We're at such a place today. John chapter 4 speaks much louder of God's grace when we review some background information. First, the history between the Jews and Samaritans was vicious, with grievous wrongs having been committed by both groups. Second, this text is full of puns that aren't obvious in an English translation. Consequently, reading English we don't understand why the woman doesn't immediately catch the drift of Jesus' words. Third, we need to know -- without too many gory details -- that nearly everyone at Jesus'time could offer half a dozen reasons why he shouldn't be talking to this woman.

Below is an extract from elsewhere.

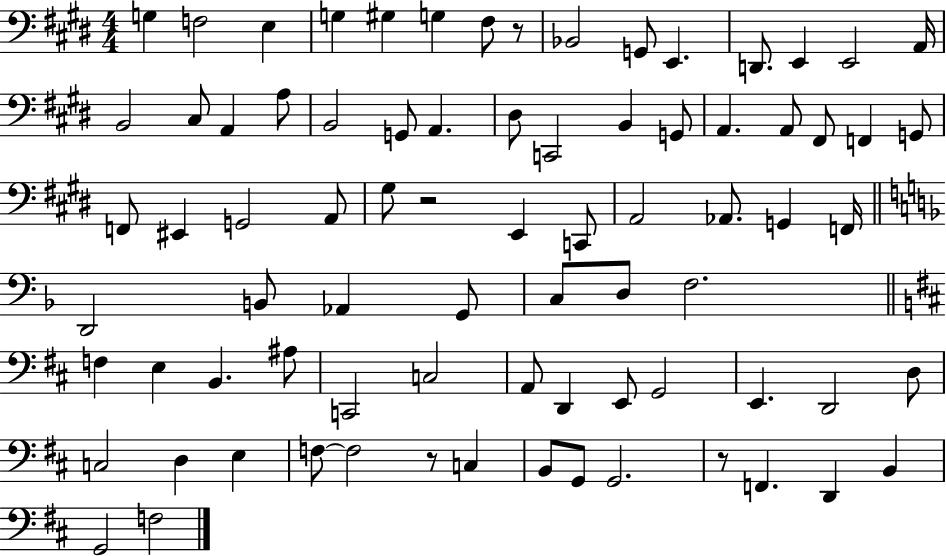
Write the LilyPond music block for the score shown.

When we delve into the customs of the day, we find that her coming to draw water at noon is a giveaway that she's a social outcast. Women drew the water but certainly not at noon in the heat of the day. She's a Samaritan woman who's an outcast of the Samaritan village, yet the Samaritans as a whole are outcasts from the Jews. So, we've got one ethnic community (the Jews) that throws out what it considers its human garbage (the Samaritans) and that community then points to one of the lowest people on their social register: this woman.

Jesus' conversation with the woman is scandalous. We catch a glimpse of this opinion when Jesus' students return and the scripture says, "They were astonished that he was speaking with a woman" (v. 27).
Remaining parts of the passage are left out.